The U.S. State Department confirmed that aid to Egypt was being reduced because of what it called Egypt’s lack of progress on human rights and a new law restricting the activities of nongovernmental organizations. Its statement did not refer specifically to the relationship between Egypt and North Korea, but said that issues in dispute had been raised with Cairo.
Trump had praised Sissi when the two met in the White House in April. “We are very much behind President el-Sissi,” Trump said at the time. “He’s done a fantastic job in a very difficult situation.”
Robert Satloff, executive director of the Washington Institute for Near East Policy, said it was unusual for the Trump administration to be taking punitive steps toward Egypt, given the support Trump had given Sissi. “I would not say reports of difficulties with Egypt’s human rights situation or its connection with North Korea are new,” Satloff said.
Egypt has been close with North Korea since at least the 1970s. North Korean pilots trained Egyptian fighter pilots before the Yom Kippur War, and Egypt was later accused of supplying Scud missiles to Pyongyang.

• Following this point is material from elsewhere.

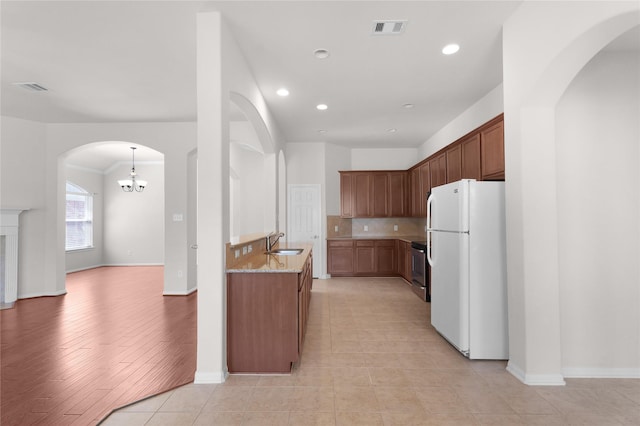 13406 Georgia Hollow Ct, Rosharon, TX 77583 - kitchen with freestanding refrigerator, a sink, arched walkways, recessed lighting, and decorative backsplash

On Tuesday Kushner and a U.S. delegation met with Jordan’s King Abdullah II in Amman. During the meeting, which took place in connection with another effort by the Trump administration to renew the Israeli-Palestinian peace process, Abdullah told Kushner that the two-state solution is “the only way to end the conflict.”

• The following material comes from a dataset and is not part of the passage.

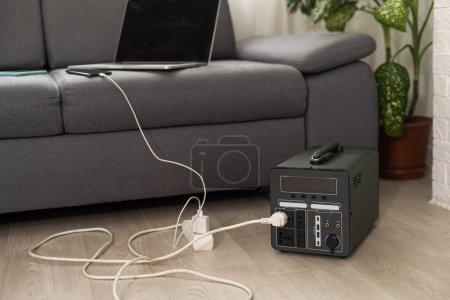 Photo for Charging station. Generator power bank battery in the absence of electricity. Charging for phone, tablet, laptop and other gadgets when there is no light during blackout - Royalty Free Image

In its statement, the royal court said that the meeting, attended also by Trump’s special envoy to the Israeli-Palestinian peace process, Jason Greenblatt, and by Deputy National Security Adviser Dina Powell, “focused on efforts to push forward the Israeli-Palestinian peace process and re-launch serious and effective negotiations between the two sides based on the two-state solution.” However, after seven months in office, the Trump administration has yet to express support for the two-state solution, which is greatly frustrating the Palestinian leadership.
The U.S. delegation also visited Saudi Arabia on Tuesday and met with Saudi Crown Prince Mohammed bin Salman. The White House did not issue a statement about the meeting, while the Saudi side said only that “both sides’ leadership affirmed their commitment to strengthening their relationship and close cooperation. The two sides also agreed to support their efforts aimed at achieving real and lasting peace between Israelis and Palestinians.”